START Records provided

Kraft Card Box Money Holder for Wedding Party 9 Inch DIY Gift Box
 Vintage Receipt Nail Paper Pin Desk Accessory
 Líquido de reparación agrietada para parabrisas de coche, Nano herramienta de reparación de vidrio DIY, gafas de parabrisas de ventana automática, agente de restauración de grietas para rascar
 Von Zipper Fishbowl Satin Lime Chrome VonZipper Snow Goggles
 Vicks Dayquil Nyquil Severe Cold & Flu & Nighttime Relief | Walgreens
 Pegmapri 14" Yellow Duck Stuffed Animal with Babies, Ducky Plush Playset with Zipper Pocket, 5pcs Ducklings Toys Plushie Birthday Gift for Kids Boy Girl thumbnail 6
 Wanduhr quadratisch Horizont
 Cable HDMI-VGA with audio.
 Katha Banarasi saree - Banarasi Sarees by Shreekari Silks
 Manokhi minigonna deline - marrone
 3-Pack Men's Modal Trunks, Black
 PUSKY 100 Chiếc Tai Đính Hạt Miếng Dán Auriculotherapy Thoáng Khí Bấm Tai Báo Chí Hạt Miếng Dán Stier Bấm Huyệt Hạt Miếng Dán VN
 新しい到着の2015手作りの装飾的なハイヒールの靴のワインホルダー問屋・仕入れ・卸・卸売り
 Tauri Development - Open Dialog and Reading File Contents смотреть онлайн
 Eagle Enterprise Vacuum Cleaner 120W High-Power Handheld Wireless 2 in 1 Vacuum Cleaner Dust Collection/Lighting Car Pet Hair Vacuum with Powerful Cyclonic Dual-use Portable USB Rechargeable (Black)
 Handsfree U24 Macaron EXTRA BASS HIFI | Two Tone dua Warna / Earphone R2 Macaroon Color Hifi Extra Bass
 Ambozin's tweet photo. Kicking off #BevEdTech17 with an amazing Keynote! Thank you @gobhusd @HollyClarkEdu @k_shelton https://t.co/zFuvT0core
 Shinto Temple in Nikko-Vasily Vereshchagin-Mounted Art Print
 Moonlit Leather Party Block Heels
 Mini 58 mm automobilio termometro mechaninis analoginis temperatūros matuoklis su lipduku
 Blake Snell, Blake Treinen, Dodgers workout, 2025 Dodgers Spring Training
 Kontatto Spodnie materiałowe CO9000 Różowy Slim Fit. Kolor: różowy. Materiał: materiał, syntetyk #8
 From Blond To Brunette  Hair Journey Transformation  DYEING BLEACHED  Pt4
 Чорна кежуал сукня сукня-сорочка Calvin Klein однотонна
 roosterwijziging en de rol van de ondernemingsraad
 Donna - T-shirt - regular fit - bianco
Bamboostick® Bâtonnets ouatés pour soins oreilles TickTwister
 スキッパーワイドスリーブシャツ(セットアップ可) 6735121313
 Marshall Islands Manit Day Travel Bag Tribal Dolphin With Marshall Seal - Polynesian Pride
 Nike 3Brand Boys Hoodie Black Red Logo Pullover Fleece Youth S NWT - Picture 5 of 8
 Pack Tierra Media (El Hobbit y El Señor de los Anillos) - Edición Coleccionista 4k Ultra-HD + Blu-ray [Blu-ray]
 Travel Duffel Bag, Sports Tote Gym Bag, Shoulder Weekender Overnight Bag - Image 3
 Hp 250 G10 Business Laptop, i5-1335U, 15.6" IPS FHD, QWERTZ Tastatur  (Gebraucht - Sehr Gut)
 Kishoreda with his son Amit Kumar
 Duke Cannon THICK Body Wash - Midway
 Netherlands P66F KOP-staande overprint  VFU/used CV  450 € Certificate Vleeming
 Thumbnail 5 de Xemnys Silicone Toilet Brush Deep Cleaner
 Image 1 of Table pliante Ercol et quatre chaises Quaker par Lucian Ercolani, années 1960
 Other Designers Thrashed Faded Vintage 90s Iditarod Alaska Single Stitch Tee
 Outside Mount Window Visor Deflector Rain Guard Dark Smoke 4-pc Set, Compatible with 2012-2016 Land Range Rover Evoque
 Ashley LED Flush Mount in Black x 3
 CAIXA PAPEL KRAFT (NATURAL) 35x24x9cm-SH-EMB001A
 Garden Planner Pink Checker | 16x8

END Records provided

◆ Work instructions ◆
Output the lines of the records above exactly as they appear, from the line containing "新しい到着の2015手作りの" through the line containing "Travel Duffel Bag, Sports".

◆ Written response ◆
 新しい到着の2015手作りの装飾的なハイヒールの靴のワインホルダー問屋・仕入れ・卸・卸売り
 Tauri Development - Open Dialog and Reading File Contents смотреть онлайн
 Eagle Enterprise Vacuum Cleaner 120W High-Power Handheld Wireless 2 in 1 Vacuum Cleaner Dust Collection/Lighting Car Pet Hair Vacuum with Powerful Cyclonic Dual-use Portable USB Rechargeable (Black)
 Handsfree U24 Macaron EXTRA BASS HIFI | Two Tone dua Warna / Earphone R2 Macaroon Color Hifi Extra Bass
 Ambozin's tweet photo. Kicking off #BevEdTech17 with an amazing Keynote! Thank you @gobhusd @HollyClarkEdu @k_shelton https://t.co/zFuvT0core
 Shinto Temple in Nikko-Vasily Vereshchagin-Mounted Art Print
 Moonlit Leather Party Block Heels
 Mini 58 mm automobilio termometro mechaninis analoginis temperatūros matuoklis su lipduku
 Blake Snell, Blake Treinen, Dodgers workout, 2025 Dodgers Spring Training
 Kontatto Spodnie materiałowe CO9000 Różowy Slim Fit. Kolor: różowy. Materiał: materiał, syntetyk #8
 From Blond To Brunette  Hair Journey Transformation  DYEING BLEACHED  Pt4
 Чорна кежуал сукня сукня-сорочка Calvin Klein однотонна
 roosterwijziging en de rol van de ondernemingsraad
 Donna - T-shirt - regular fit - bianco
Bamboostick® Bâtonnets ouatés pour soins oreilles TickTwister
 スキッパーワイドスリーブシャツ(セットアップ可) 6735121313
 Marshall Islands Manit Day Travel Bag Tribal Dolphin With Marshall Seal - Polynesian Pride
 Nike 3Brand Boys Hoodie Black Red Logo Pullover Fleece Youth S NWT - Picture 5 of 8
 Pack Tierra Media (El Hobbit y El Señor de los Anillos) - Edición Coleccionista 4k Ultra-HD + Blu-ray [Blu-ray]
 Travel Duffel Bag, Sports Tote Gym Bag, Shoulder Weekender Overnight Bag - Image 3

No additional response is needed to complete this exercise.